Geduldet zu sein bedeutet, eingezäunt zu leben. Ein Geduldeter darf sich nur innerhalb eines Landkreises bewegen und muss nach Ablauf seiner Duldung jederzeit damit rechnen, abgeschoben zu werden – ohne Ankündigung. Bei Vielen aber wird die Duldung immer wieder für wenige Monate verlängert. Bei etwa 50.000 Menschen seit mehr als zehn Jahren.
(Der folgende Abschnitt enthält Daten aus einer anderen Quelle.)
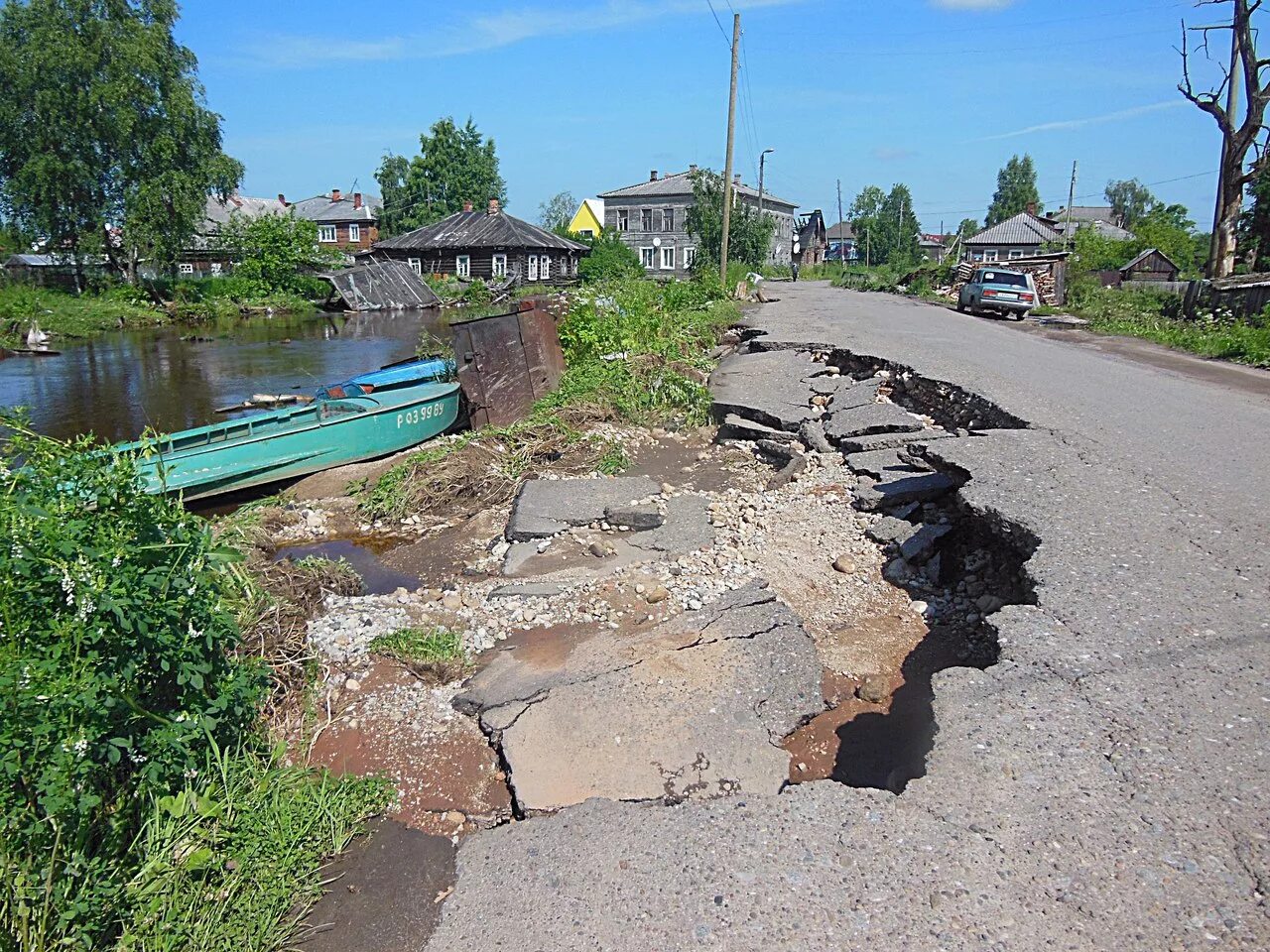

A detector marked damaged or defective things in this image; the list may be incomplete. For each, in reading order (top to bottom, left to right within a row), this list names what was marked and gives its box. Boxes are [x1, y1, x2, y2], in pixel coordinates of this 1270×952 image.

rusty metal gate [448, 301, 564, 428]
broken concrete slab [506, 476, 667, 543]
broken concrete slab [603, 502, 667, 532]
broken concrete slab [706, 349, 826, 432]
broken concrete slab [826, 403, 921, 444]
broken concrete slab [841, 446, 933, 476]
broken concrete slab [837, 432, 949, 458]
broken concrete slab [857, 470, 956, 508]
broken concrete slab [893, 520, 952, 563]
cracked asphalt [421, 282, 1262, 952]
damaged road [429, 280, 1270, 948]
broken concrete slab [456, 583, 826, 813]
Mit dem Zuwanderungsgesetz 2005 sollten diese Zustände beendet werden. Geduldete sollten nach 18 Monaten ein Bleiberecht erhalten, wenn sie sich nicht vor der Polizei versteckt und keine Straftaten begangen haben. Die Praxis sieht anders aus, gibt das Innenministerium zu. Die Behörden legen das Gesetz scheinbar strenger aus als vermutet. Für viele Geduldete änderte sich bis heute nichts.

Bundesinnenminister Wolfgang Schäuble brachte das Problem auf den Punkt: „Jeder sieht doch, dass man Kinder, die hier geboren wurden, zur Schule gingen und oft sogar einen guten Abschluss gemacht haben, nicht irgendwohin abschieben kann.“ Wie man diesen Menschen helfen kann, wollen die Innenminister der Länder Mitte November auf einer Konferenz in Nürnberg entscheiden.
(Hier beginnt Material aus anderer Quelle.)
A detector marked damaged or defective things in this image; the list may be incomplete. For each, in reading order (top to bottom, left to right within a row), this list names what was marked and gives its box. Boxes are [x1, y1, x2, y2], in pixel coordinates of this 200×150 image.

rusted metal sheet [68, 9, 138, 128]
Welche Flüchtlinge können darauf hoffen, mehr Rechte zu bekommen? Keine Chance haben Straftäter, Schummler und Bewerber, die erst kurze Zeit hier sind. Für Menschenrechtler, Kirchen und Interessengruppen wie Pro Asyl ist vieles, was von den Ministern gefordert wird, reine Schikane. Sie wollen, dass alle „Altfälle“bleiben dürfen.

Viele Fragen bleiben offen: Wie sollen sie für ihr Leben und das ihrer Kinder aufkommen, wenn ihnen jahrelang verboten war, zu arbeiten? Wie sollen sie mit gering bezahlten Jobs über die Runden kommen? Was passiert mit denen, die kein Bleiberecht erhalten?